第二条 学校ノ休業、生徒ノ欠席又ハ中途ニ入退学スルコトアルモ、前条ノ授業料額之ヲ減免セズ。但シ学校ノ休業又ハ生徒ノ欠席全月ニ渉ル場合ハ其ノ月ノ授業料ヲ徴収セズ。
第三条 授業料ハ毎月二十日限リ其ノ月分ヲ徴収ス。
付 則 本規程ハ昭和十七年度ヨリ之ヲ適用ス。
この理由については、特に記されていないが、当時の青年学校4校、生徒数300名余り、教員・指導員20名以上という規模の、教科や教練の外、(後述するが)行事も膨らみ、与えられた予算では賄いきれなかったのが実態ではなかったか。
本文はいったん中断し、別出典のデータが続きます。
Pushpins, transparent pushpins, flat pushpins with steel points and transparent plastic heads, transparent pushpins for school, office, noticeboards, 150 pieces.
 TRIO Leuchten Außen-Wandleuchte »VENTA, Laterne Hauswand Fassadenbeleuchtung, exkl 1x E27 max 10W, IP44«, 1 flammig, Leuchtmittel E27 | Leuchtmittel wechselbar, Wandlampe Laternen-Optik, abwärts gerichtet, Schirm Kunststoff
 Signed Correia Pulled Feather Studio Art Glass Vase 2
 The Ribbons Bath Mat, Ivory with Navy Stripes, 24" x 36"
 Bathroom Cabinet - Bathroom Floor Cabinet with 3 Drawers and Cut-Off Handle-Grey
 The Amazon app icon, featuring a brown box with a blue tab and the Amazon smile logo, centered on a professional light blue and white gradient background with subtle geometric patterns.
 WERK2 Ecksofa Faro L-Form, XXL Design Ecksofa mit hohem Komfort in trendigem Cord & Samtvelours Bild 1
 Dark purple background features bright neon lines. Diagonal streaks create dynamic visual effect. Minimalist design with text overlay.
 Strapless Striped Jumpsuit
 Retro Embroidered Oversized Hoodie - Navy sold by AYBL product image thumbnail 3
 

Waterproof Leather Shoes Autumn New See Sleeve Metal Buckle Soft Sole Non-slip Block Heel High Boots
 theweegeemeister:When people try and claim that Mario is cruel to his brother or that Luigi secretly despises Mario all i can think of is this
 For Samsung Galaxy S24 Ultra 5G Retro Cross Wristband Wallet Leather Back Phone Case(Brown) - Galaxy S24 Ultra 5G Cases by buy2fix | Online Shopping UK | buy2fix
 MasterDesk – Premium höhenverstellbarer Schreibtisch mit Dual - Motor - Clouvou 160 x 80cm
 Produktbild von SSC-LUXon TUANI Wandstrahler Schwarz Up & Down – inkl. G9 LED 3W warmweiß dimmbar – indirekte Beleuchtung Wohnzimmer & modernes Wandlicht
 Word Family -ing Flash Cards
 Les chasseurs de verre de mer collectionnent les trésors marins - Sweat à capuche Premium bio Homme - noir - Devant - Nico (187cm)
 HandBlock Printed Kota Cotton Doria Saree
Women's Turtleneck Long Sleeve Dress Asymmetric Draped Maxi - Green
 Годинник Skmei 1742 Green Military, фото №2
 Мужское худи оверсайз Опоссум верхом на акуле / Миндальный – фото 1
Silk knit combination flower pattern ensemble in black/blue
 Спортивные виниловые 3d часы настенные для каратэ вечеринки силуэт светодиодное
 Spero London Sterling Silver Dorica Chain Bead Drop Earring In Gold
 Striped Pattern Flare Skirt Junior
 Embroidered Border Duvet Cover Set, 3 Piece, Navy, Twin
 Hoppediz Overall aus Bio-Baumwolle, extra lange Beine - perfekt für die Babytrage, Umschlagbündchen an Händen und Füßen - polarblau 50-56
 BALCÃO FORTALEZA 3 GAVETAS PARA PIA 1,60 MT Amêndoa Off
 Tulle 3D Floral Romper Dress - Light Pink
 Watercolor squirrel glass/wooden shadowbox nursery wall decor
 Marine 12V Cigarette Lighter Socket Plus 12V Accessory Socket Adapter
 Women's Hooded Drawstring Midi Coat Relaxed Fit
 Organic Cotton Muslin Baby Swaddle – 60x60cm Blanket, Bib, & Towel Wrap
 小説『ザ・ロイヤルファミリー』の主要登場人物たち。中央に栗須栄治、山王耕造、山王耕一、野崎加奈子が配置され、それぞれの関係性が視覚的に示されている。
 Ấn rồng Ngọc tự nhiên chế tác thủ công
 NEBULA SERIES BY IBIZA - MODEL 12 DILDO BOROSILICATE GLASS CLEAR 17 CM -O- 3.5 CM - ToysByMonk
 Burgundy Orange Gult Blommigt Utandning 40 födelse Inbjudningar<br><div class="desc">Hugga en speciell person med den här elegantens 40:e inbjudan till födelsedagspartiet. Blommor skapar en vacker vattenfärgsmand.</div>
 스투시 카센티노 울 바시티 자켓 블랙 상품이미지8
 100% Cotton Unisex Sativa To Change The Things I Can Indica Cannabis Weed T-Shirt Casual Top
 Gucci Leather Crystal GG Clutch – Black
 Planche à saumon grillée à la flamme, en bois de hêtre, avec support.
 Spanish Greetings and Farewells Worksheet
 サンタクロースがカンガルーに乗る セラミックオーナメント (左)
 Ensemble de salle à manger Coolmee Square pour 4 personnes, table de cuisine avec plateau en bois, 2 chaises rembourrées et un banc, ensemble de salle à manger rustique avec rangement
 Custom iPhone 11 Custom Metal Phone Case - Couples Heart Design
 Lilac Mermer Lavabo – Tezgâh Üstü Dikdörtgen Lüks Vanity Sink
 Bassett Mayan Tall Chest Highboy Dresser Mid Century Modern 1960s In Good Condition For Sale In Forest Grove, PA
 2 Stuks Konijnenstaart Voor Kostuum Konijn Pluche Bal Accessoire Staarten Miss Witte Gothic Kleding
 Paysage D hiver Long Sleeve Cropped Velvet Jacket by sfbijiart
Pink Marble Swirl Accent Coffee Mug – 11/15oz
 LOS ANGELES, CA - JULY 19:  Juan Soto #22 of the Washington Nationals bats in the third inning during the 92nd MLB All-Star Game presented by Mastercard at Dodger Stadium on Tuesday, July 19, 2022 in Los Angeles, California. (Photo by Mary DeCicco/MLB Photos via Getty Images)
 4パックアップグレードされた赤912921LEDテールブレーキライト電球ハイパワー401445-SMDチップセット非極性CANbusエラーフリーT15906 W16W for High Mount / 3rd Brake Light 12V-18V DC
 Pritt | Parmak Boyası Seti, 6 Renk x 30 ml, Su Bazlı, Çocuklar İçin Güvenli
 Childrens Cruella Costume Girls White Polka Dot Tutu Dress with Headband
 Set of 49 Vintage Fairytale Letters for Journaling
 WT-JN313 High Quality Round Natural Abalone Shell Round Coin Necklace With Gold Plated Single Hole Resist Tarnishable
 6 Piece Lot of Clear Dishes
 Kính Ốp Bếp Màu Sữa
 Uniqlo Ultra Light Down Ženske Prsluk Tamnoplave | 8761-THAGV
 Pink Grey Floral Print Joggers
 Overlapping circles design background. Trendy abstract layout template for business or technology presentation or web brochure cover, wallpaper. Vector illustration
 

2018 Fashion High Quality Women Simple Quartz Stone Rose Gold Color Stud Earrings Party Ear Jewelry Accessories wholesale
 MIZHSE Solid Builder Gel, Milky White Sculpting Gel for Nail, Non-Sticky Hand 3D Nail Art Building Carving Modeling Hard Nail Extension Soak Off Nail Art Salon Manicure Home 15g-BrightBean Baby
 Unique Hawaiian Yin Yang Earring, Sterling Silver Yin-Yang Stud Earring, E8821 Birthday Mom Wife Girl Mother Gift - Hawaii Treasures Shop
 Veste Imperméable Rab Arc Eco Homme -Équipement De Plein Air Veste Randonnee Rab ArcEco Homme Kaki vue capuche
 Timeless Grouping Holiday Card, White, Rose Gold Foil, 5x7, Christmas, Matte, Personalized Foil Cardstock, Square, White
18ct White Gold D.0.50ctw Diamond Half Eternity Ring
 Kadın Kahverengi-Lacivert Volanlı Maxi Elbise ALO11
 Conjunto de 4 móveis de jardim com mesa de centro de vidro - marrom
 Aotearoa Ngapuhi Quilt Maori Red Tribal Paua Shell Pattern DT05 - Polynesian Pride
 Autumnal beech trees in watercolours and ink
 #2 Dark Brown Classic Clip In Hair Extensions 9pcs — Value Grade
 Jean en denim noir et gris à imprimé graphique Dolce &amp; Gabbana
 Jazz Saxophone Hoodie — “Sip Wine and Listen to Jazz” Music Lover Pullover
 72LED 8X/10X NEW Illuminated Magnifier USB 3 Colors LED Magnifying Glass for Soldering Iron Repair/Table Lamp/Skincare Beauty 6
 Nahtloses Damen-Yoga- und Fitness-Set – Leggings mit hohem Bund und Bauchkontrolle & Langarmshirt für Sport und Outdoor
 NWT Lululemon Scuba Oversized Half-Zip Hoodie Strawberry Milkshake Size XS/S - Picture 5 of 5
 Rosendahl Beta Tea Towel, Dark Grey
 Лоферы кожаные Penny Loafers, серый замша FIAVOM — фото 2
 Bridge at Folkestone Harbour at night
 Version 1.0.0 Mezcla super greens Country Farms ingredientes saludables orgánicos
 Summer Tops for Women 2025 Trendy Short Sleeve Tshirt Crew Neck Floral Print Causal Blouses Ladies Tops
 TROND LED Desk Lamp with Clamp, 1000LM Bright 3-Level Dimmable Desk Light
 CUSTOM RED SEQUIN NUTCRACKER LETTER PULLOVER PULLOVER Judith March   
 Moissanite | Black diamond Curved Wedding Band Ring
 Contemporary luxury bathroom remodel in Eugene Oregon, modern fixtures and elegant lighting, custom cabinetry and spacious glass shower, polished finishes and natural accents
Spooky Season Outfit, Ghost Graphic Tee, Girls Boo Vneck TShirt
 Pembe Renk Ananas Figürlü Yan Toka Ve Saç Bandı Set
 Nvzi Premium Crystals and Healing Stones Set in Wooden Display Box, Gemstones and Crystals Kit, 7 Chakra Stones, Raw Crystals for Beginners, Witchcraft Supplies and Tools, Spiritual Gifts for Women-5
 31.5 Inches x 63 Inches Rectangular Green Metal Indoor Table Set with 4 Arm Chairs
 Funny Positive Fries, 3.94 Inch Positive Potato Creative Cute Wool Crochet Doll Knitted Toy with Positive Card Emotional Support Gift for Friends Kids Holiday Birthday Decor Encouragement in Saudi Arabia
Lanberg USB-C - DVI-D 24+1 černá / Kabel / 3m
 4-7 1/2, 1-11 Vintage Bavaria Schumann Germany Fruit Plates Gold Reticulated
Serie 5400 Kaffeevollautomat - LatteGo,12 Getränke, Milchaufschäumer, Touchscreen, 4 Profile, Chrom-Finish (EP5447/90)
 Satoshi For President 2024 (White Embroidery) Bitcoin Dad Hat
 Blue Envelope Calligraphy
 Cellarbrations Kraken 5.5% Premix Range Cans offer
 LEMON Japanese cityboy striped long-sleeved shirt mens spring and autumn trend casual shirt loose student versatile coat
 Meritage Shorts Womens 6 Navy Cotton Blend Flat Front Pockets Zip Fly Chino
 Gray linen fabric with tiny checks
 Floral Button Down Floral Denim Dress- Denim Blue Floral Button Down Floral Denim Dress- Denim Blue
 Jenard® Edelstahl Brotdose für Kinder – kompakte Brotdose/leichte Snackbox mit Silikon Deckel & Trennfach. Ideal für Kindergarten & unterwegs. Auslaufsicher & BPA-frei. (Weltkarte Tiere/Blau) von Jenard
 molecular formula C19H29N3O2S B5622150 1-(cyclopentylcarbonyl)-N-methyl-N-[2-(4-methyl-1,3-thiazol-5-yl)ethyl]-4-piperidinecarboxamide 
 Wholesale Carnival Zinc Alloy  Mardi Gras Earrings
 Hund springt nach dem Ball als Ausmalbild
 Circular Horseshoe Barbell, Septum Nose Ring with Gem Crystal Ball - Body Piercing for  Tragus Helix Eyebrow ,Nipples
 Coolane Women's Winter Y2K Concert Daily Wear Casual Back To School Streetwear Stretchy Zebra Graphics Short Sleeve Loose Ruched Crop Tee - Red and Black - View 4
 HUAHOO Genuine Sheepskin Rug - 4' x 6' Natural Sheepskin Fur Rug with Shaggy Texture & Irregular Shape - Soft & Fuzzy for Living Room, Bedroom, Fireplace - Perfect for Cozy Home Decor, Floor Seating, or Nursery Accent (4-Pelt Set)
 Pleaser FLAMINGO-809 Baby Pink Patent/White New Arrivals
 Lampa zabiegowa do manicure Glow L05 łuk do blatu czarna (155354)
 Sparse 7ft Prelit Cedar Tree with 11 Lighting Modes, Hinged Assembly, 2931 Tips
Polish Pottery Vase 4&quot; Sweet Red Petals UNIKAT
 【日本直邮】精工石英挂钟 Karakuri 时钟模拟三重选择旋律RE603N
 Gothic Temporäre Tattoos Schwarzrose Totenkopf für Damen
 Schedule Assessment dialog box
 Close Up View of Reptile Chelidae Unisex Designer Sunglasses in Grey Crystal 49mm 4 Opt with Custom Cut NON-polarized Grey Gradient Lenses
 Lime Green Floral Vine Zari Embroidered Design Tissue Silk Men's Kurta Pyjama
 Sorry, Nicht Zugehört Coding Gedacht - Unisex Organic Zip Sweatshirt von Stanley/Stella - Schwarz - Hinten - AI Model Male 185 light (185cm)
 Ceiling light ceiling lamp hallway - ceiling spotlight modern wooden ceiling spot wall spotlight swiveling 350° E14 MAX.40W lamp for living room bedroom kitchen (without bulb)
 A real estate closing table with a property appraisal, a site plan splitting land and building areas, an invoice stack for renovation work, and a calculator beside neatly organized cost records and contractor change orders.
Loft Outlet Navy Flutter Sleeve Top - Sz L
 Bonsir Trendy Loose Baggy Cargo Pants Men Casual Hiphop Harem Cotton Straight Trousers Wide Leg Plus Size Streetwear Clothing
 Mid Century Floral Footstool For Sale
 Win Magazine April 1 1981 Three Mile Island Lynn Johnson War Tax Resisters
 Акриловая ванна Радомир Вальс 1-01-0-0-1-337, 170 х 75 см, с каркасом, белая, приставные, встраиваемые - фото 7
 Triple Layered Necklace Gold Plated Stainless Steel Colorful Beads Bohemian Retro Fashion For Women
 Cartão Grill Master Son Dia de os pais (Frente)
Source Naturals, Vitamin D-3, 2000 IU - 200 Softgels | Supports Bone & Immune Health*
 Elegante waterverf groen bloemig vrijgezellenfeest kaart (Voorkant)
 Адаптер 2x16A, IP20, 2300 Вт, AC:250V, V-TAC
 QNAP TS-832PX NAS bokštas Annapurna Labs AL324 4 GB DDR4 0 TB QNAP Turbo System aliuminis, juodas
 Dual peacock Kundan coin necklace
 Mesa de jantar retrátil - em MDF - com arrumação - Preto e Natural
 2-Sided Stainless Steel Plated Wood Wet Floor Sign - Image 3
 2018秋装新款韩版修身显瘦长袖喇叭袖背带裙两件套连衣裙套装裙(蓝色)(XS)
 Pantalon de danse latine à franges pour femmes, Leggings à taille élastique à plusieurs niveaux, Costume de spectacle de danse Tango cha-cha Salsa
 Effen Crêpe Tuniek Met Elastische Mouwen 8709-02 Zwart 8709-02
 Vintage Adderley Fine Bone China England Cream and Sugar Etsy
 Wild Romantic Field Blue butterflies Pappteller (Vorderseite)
また、女子部だけからの徴収ということについては、男子が軍事教練・軍人としての教育、つまり“お国のため”ということに対して、女子については任意入学であり、しかも裁縫など個人の技能習得が主であるという、教育内容の価値観から判断されたのではないかと思われる。
尻岸内村によらず、青年学校は全道的に指導員の不足と経費の不足が見られていた。そして、昭和18年4月には1町村1校という制度となり、併せて青年学校専任校長を置くことになったが、本町の場合、昭和19年(1944)、地理的条件から、西地区の尻岸内青年学校(尻岸内小に併設)と東地区の恵山青年学校(恵山小に併設)の2校とした。但し、女子部については通学のことなどを考慮し、日浦・尻岸内・古武井・恵山と各地区ごと各小学校に併設し授業が行われた。